▸ DATA SECTION:

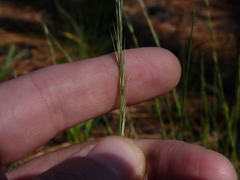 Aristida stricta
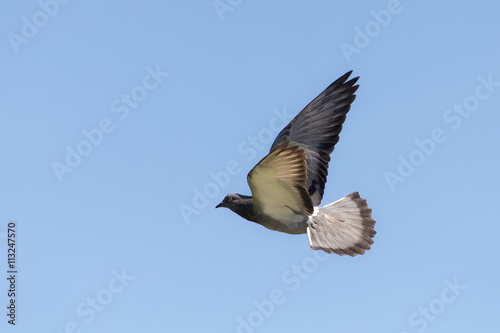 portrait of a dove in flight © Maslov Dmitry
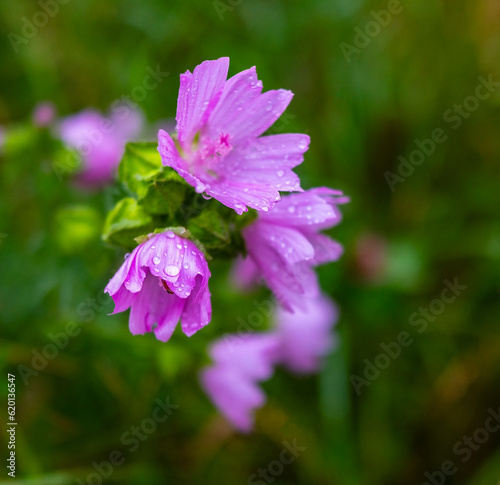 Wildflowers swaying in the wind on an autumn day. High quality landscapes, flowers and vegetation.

▸ GOAL OF THE EXERCISE: Retype the whole listing exactly and leave the pictures out.

▸ ANSWER BELOW:
 Aristida stricta
 portrait of a dove in flight © Maslov Dmitry
 Wildflowers swaying in the wind on an autumn day. High quality landscapes, flowers and vegetation.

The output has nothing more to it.